A n’en pas douter, Thomas Vinterberg a pris sa fonction de directeur à bras le corps, s’appuyant sur un casting à la solidité éprouvée, dont le pilier central est incontestablement l’acteur belge le plus en vue de moment, du fait d’un talent rare. En effet, Matthias Schoenaerts trouve une nouvelle fois matière à surpasser ses collègues, endossant le rôle de l’élément clef, du moteur sentimental et émotionnel de l’œuvre, bien loin devant les deux autres prétendants, bien plus charismatique que la belle dont il tente de conquérir le cœur. La demoiselle, incarnation malingre de la jeune femme libérée, s’appuie bien trop souvent sur la caricature pour développer ses humeurs et émotions. Non pas que Carey Mulligan ne soit pas bonne comédienne, pour l’occasion, mais son personnage ne parvient pas à provoquer suffisamment d’attachement pour que cette confrontation amoureuse prenne les proportions voulues.
Autre point fort du film de Vinterberg, la photographique.

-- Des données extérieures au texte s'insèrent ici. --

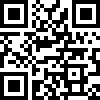 https://donyayekhodro.com/x4brP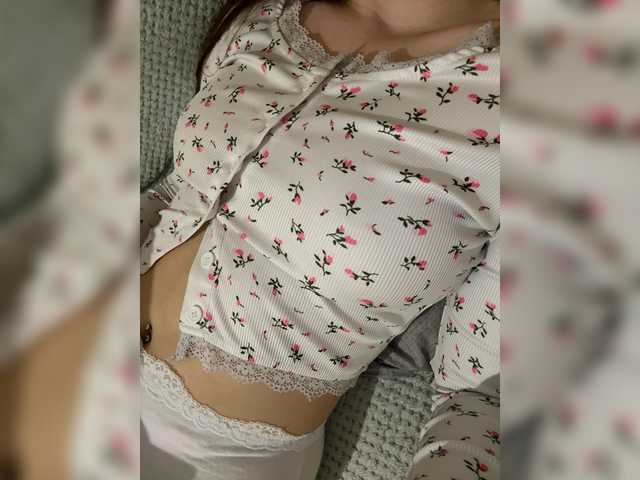 -mur-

En effet, illustrant avec talent des beautés de la nature britannique, des vastes collines champêtres, soleil levant ou couchant en renfort, le cinéaste danois livre une très belle vitrine d’images, une somptueuse démonstration technique qui relève considérablement le niveau général de l’œuvre. Plutôt timorée sur le plan narratif, les coupes temporelles étant parfois douteuses, cette histoire d’amour plutôt outrancière ne parvient pas à convaincre le public contemporain. Par outrage à toute logique sentimentale d’aujourd’hui, le scénario ne parvient pas à rendre un tant soit peu crédibles ces va-et-vient entre amants et époux, ces rebondissements amoureux improbables, quand bien même les belles paroles de certains tendent à donner du sens à cette fable d’antan.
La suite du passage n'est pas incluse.